点点圈 提交于 2019-11-30 16:43:30

At the low level they do the same thing: they replace the running process image with a new process.

The only difference between execv and execl is the way they take arguments. execv expects a single list of arguments (the first of which should be the name of the executable), while execl expects a variable list of arguments.

Thus, in essence, execv(file, *args) is exactly equivalent to execl(file, args).


Note that sys.argv[0] is already the script name. However, this is the script name as passed into Python, and may not be the actual script name that the program is running under. To be correct and safe, your argument list passed to exec* should be

['python', __file__] + sys.argv[1:]

I have just tested a restart script with the following:

os.execl(sys.executable, 'python', __file__, *sys.argv[1:])

and this works fine. Be sure you're not ignoring or silently catching any errors from execl - if it fails to execute, you'll end up "continuing where you left off".
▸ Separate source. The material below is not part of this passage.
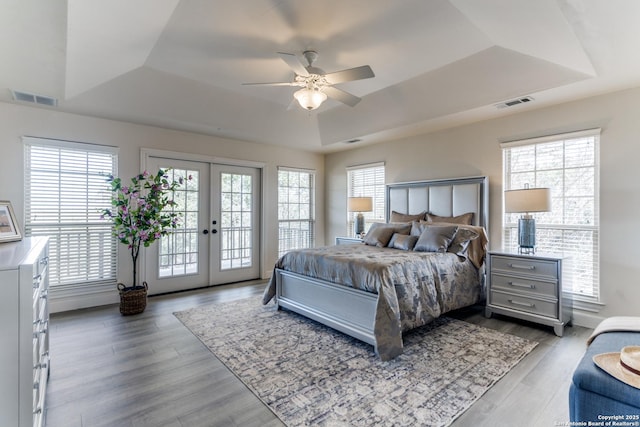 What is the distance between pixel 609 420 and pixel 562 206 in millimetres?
3058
According to the Python documentation there's no real functional difference between execv and execl:

The “l” and “v” variants of the exec* functions differ in how command-line arguments are passed. The “l” variants are perhaps the easiest to work with if the number of parameters is fixed when the code is written; the individual parameters simply become additional parameters to the execl*() functions. The “v” variants are good when the number of parameters is variable, with the arguments being passed in a list or tuple as the args parameter. In either case, the arguments to the child process should start with the name of the command being run, but this is not enforced.

No idea why one seems to restart the script where it left off but I'd guess that that is unrelated.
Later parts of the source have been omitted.